Figure 1: How does your company use VoiceXML?

Every responding company used VoiceXML in at least one way (except one which planned on using it in the next year). The average company used it in three ways, and one company even managed to use it in seven.

VoiceXML application development. The most common use was application development: 25 out of the 31 companies developed VoiceXML applications: 22 for others, and 16 for themselves.

VoiceXML platforms. A full 18 of the 31 companies provided VoiceXML platforms (hardware and/or software) to other companies. This seemed fairly high to us.

VoiceXML training. Eleven of the companies are involved in training. Only one focused exclusively on training. Seventy-three percent of companies doing training also deployed platforms, 27 percent did hosting, 82 percent did application development, and 45 percent developed tools. Training is therefore primarily an adjunct to the main business of our respondents.

VoiceXML tools. Ten of the companies sell VoiceXML tools. It would be interesting to probe deeper into this area and see what kinds of tools are being deployed, whether they are used internally as well as externally, how interested these companies would be in open source tools efforts and so on. There was no company focused entirely on tools: every tool vendor also had a platform product or a hosting service

VoiceXML hosting. Seven companies did VoiceXML application hosting for other companies. Only one of usual VoiceXML hosting powerhouses was in this list.

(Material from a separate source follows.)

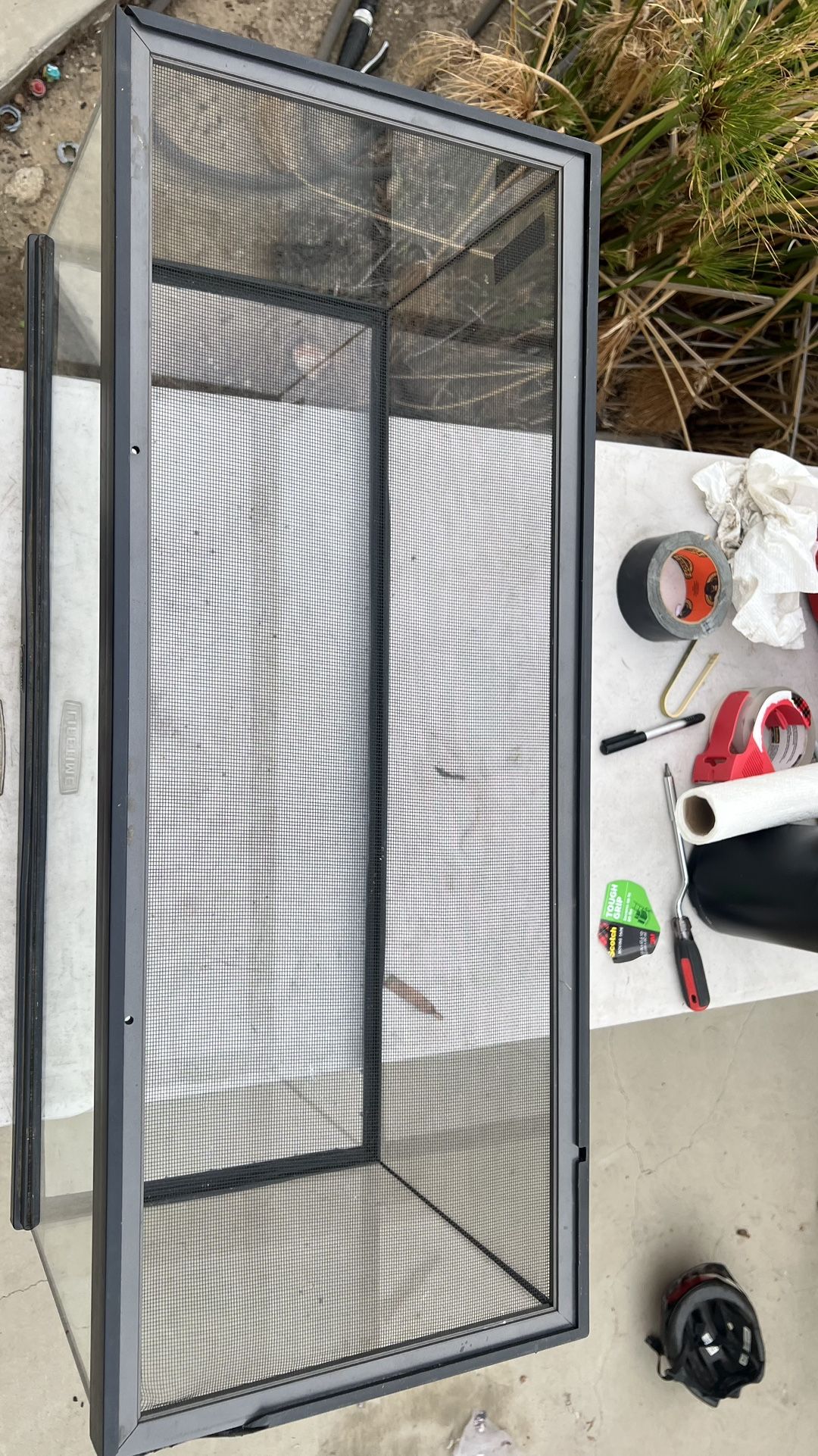 Aquarium (fish tank)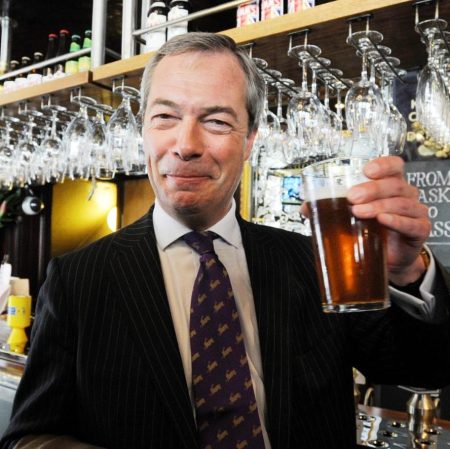 16252978-nigel-farage-beer-news-xlarge_trans++hVHKHIjidTmzt7pUvP07U8M5u91LLUFrh1xBBth-Q84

As an exercise, we compared our lists of companies against Ken Rehor's excellent lists of VoiceXML companies. Astonishingly, there was almost no overlap. Of the fifteen platform providers for which we had names, only two were in Ken's list of platform providers. Of the seven identified tool vendors, just one appeared in Ken's list of tool vendors. And of the six identified hosting providers, again only one appeared in Ken's hosting list. We concluded that:

VoiceXML is proliferating much faster than we had been aware of.
Ken needs a full-time research assistant.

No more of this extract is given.